Skip the pictures, and retype the data below in full, exactly.

Dataset excerpt:
^^^^^^^^^^^^^^^^

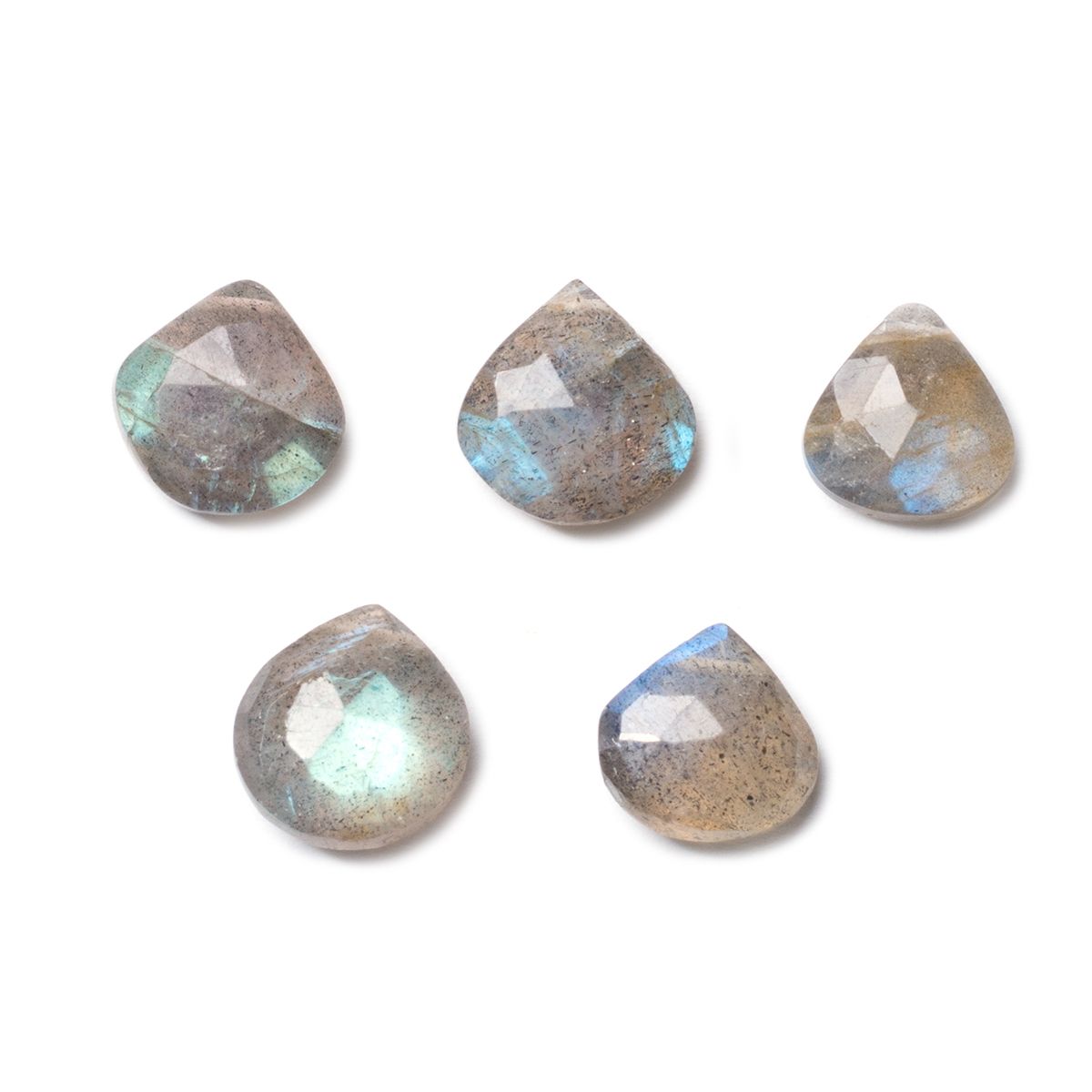 Labradorite Faceted Heart Briolette Beads - Approx From 8mm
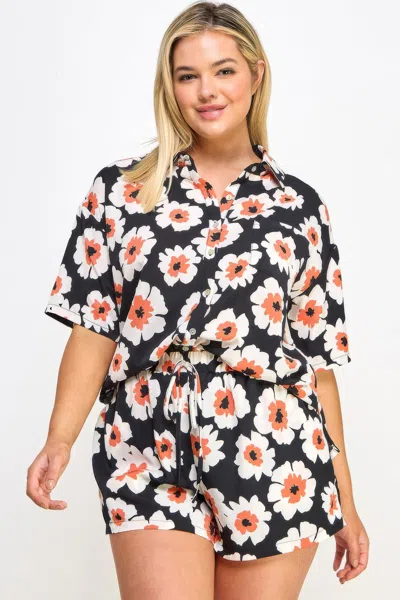 Truedames Plus Button Down Shirt And Shorts Set In Multi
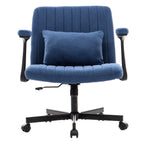 Modern Linen Blue Criss Cross Armrest Office Chair with Foldable Design, Soft Velvet Fabric, 36.6-Inch Height | Premium Home 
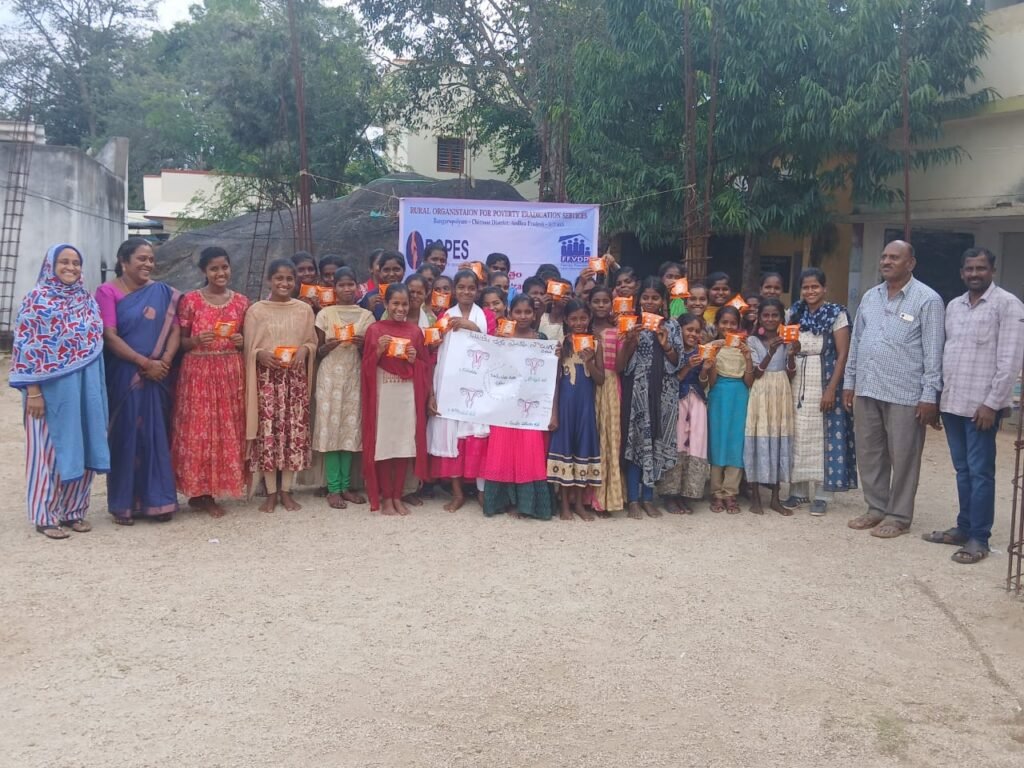 Distribution of sanitary Napkins to Nadamanthram School CHildren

^^^^^^^^^^^^^^^^

Exercise output:
 Labradorite Faceted Heart Briolette Beads - Approx From 8mm
 Truedames Plus Button Down Shirt And Shorts Set In Multi
 Modern Linen Blue Criss Cross Armrest Office Chair with Foldable Design, Soft Velvet Fabric, 36.6-Inch Height | Premium Home 
 Distribution of sanitary Napkins to Nadamanthram School CHildren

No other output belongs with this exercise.